Radio Resources

Predicting Hot Tropo Days

by Gordon West, WB6NOA
 

   

 

 

Police and fire dispatchers serving rural areas outside of Houston, Texas, knew they were going to have a tough shift ahead. “The sun is just barely up, and the temperature is 90 degrees, and the air smells like stale smoke,” said one of the dispatchers for three VHF high-band law enforcement services. “Tampa and Key West, Florida will be stronger than our local units,” adds another dispatcher, referring to the UHF 460-MHz law net frequencies.

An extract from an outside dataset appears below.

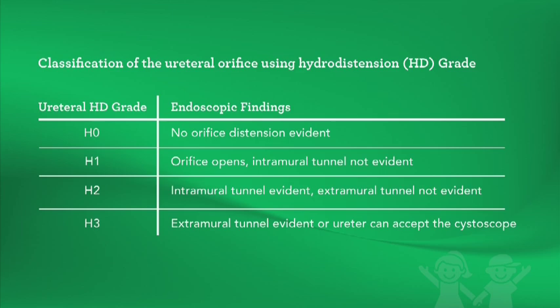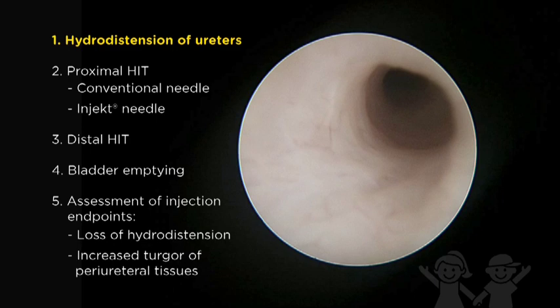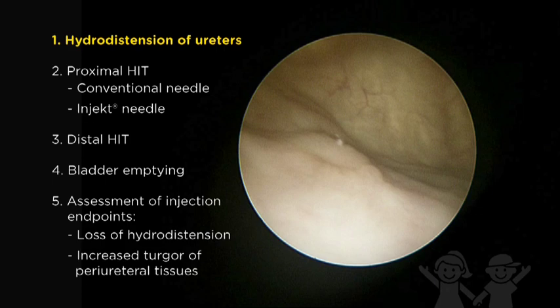Hydrodistension is graded according to the distensibility of the ureteral orifice, with a non-hydrodistending ureter graded as H0 and the most significant degree of hydrodistension graded as H3, where the extramural tunnel is evident outside of the bladder. Hydrodistension allows visualization of the intraluminal injection site as well as assessment of injection progress. Ureteral hydrodistension causes the orifice to open before treatment, but following proper implantation, the ureter should remain closed with an H0 grade.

Sure enough, their predictions were right on target: distant VHF and UHF signals coincidentally using the same CTCSS tones were overriding their local squelch and sometimes drowning out their own mobile units just miles away. The condition is called tropospheric ducting.

Tropospheric Ducting

This weather-related radio phenomena occurs every July through September in almost every part of the country. Ham radio operators on VHF and UHF anticipate these conditions with the excitement of working well beyond line-of-sight, yet public safety dispatchers hope the condition goes away and things get back to normal as soon as possible. But unlike ionospheric VHF skip, tropospheric ducting of far away VHF and UHF stations may last for days.
Ducting of VHF, UHF, and microwaves occurs in our lower atmosphere, called the “weather region.” The long-range propagation of normally short-range VHF/UHF signals has nothing to do with the ionosphere, but everything to do with local weather conditions. When a high-pressure system settles in over a widespread region, tropospheric ducting may span short-range signals over hundreds and sometimes more than 1,000 miles distant.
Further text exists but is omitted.